Hrant Dink davasında karar: Erhan Tuncel 99 yıl 6 ay, Yasin Hayal 7,5 yıl, Ogün Samast ise 2,5 yıl hapis cezası

Hrant Dink davasında karar: Erhan Tuncel 99 yıl 6 ay, Yasin Hayal 7,5 yıl, Ogün Samast ise 2,5 yıl hapis cezası
TT

Hrant Dink davasında karar: Erhan Tuncel 99 yıl 6 ay, Yasin Hayal 7,5 yıl, Ogün Samast ise 2,5 yıl hapis cezası

Hrant Dink davasında karar: Erhan Tuncel 99 yıl 6 ay, Yasin Hayal 7,5 yıl, Ogün Samast ise 2,5 yıl hapis cezası

Agos Gazetesi Genel Yayın Yönetmeni Hrant Dink’in öldürülmesine ilişkin ana davadan dosyası ayrılan Erhan Tuncel 99 yıl 6 ay, Yasin Hayal 7,5 yıl, Ogün Samast ise 2,5 yıl hapis cezasına çarptırıldı. Hükümle birlikte tutuklanmasına karar verilen Erhan Tuncel, duruşma salonunda kelepçe takılarak gözaltına alındı.
Agos Gazetesi Genel Yayın Yönetmeni Hrant Dink'in öldürülmesine ilişkin ana davada, birtakım suçlar yönünden zaman aşımının dolması ihtimali bulunduğu gerekçesiyle sanıklar Yasin Hayal, Ogün Samast, Osman Hayal, Ersin Yolcu, Zeynel Abidin Yavuz, Erhan Tuncel, Ahmet İskender, Tuncay Uzundal ve Salih Hacısalihoğlu'nun dosyası ayrılmıştı. Ayrılan dosyanın karar duruşması görüldü.
İstanbul 14. Ağır Ceza Mahkemesi'nde görülen duruşmaya tutuklu sanıklar SEGBİS yoluyla katılırken, tutuksuz sanık Erhan Tuncel duruşma salonunda hazır bulundu.
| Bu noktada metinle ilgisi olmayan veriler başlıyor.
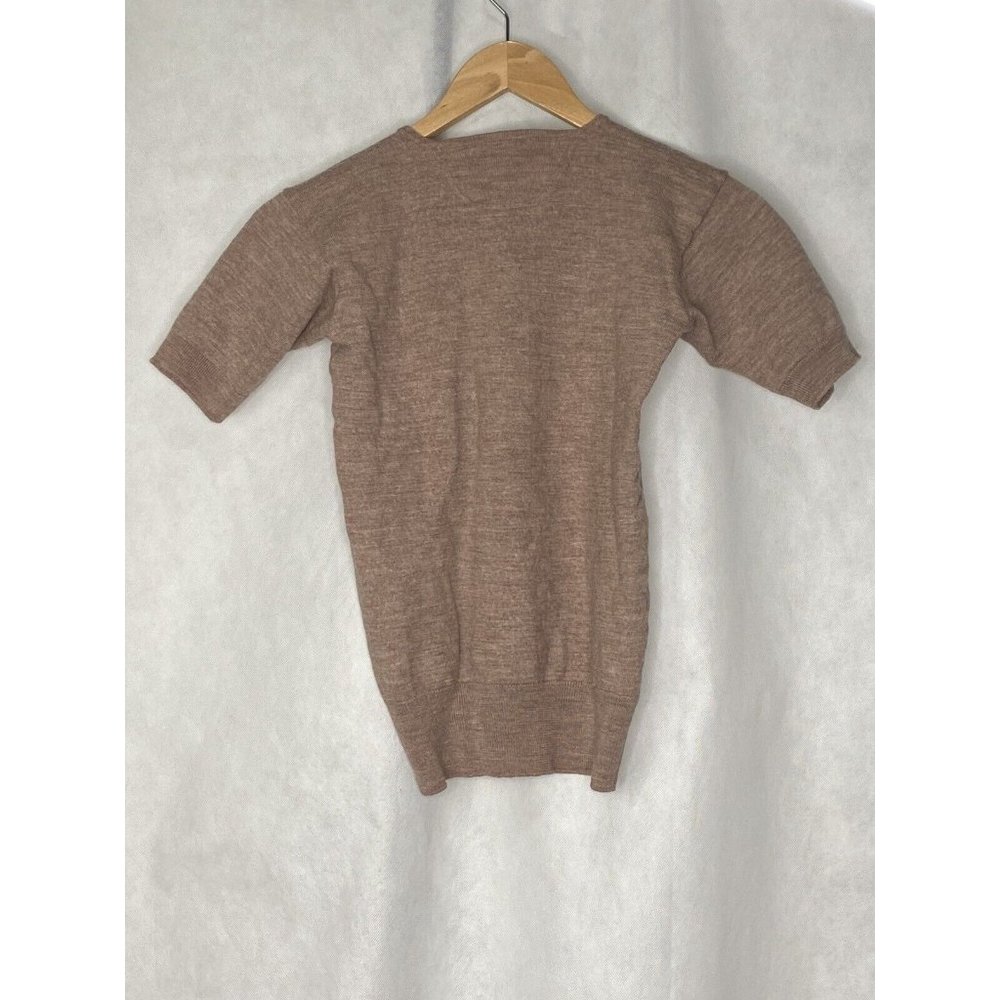 Brown Short-Sleeve Henley Sweater - Picture 2 of 8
Dink ailesi avukatları ve sanık avukatları da duruşmaya katıldı.
‘Etkin pişmanlık uygulanmasını talep ediyorum'
Duruşmada savunma yapan sanık Ogün Samast, “Çıkar amaçlı suç örgütü iddiasını kabul etmiyorum. İstanbul Emniyet Müdürü Celalettin Cerrah da örgüt olmadığını, mahalle arkadaşı olduğumuzu söylemişti. Örgüt üyesi olduğumuzu kabul etmiyorum. Yasin Hayal'in önceki suçunun ise bizimle ilgisi yoktur. Şahsıma etkin pişmanlık uygulanmasını arz ederim. Gerçekleri hiç gizlemeden anlattığım da biliniyor. Psikolojik durumumun da gözetilerek karar verilmesini talep ediyorum” dedi.
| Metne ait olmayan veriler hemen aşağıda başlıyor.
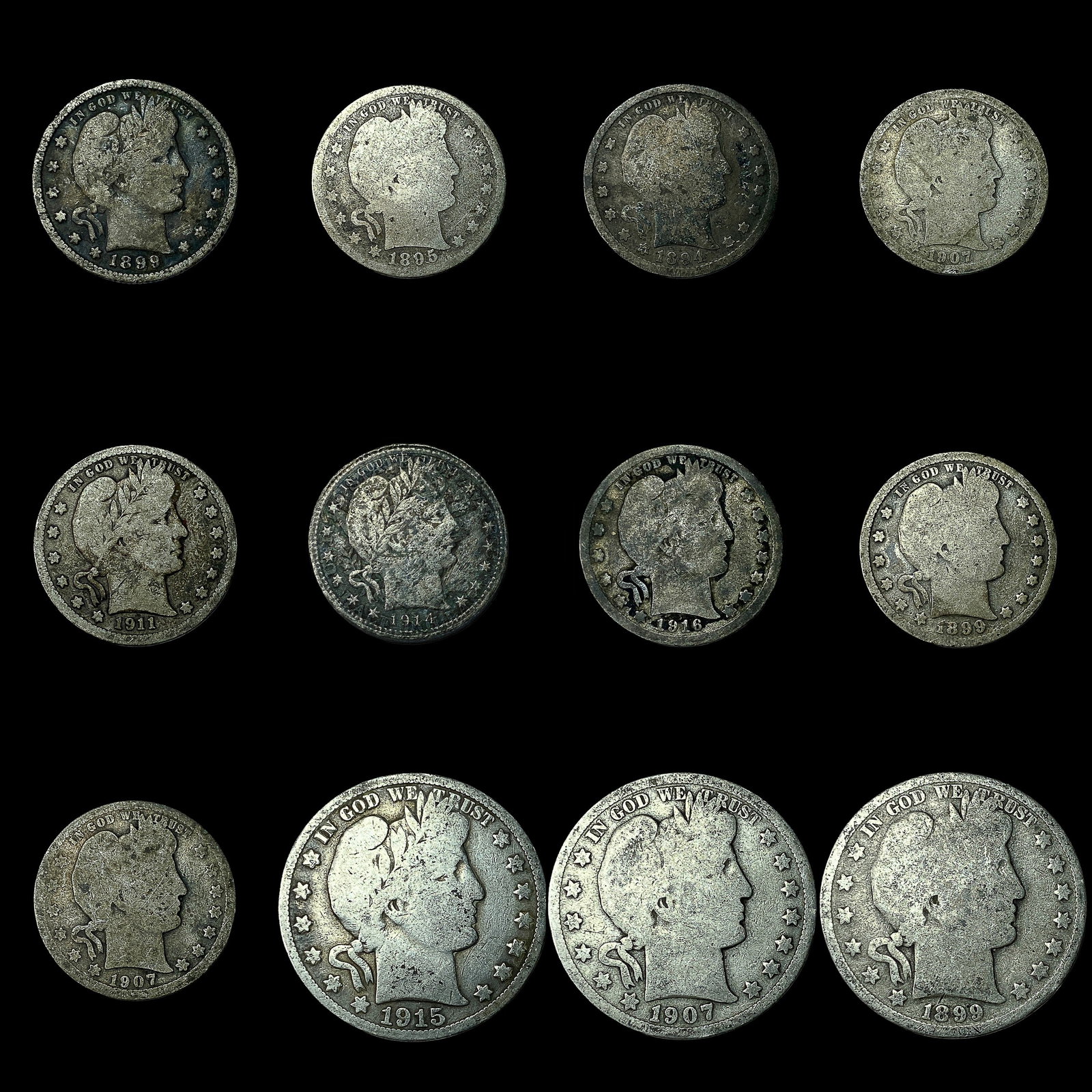 [12 Coins] Mixed Dates 9 Barber 25C & 3 Barber 50C (1 of 2)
‘Basına azmettirici olarak duyuruldum'
Davaya ilişkin savunma yapan sanık Erhan Tuncel, “Suikasttan bir yıl önce eylemi emniyet birimlerine bildirdim ve benim ismini verdiğim kişiler cinayeti işledi. Ardından adım azmettirici olarak basına duyuruldu. İhbarcı olmama rağmen ben suçlandım. Kamu görevlileri aklanmaya çalışıldı. Yasin Hayal'e bu eylemi yapmamasını söyledim ama kendisi ne pahasına olursa olsun Hrant Dink'e bu eylemi yapacağını bana söyledi. Ben bunu böyle polise bildirdim. Hrant Dink resimlerini ben vermeseydim kendileri çıkartacaktı. Kimliğim açığa çıkmasın diye” ifadelerini kullandı.
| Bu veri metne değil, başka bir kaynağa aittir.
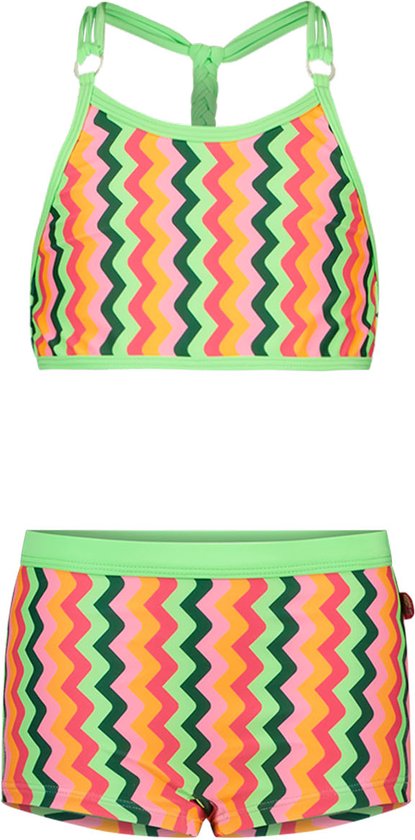 Just Beach J402-5020 Meisjes Bikini - Multi colour zigzag - Maat 110-116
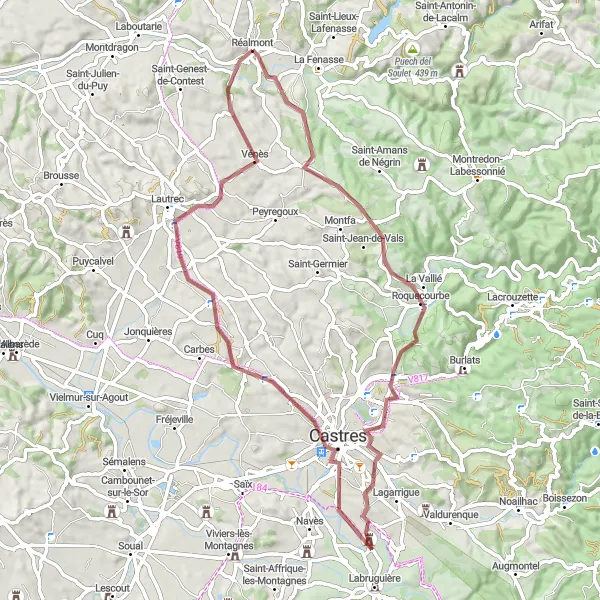 Map miniature of "Réalmont-Gravel Adventure" cycling inspiration in Midi-Pyrénées, France. Generated by Tarmacs.app cycling route planner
‘Anayasal düzenin ortadan kaldırılması amaçlanmıştır'
Duruşmada söz alan Dink ailesinin avukatı Hakan Bakırcıoğlu, “Anayasal düzeni ortadan kaldırıp ırkçı totaliter bir rejim inşasını amaçlayan örgütün faaliyeti doğrultusunda Hrant Dink cinayetini gerçekleştiren sanıkların suçları bu açıdan cezalandırılmalıdır. Hrant Dink cinayeti sanıklarının da içinde olduğu bu örgüt anayasal düzeni ortadan kaldırmayı amaçlamıştır. Faşist bir düzeni kurmayı amaçlamış ırkçı bir yapı söz konusudur” dedi.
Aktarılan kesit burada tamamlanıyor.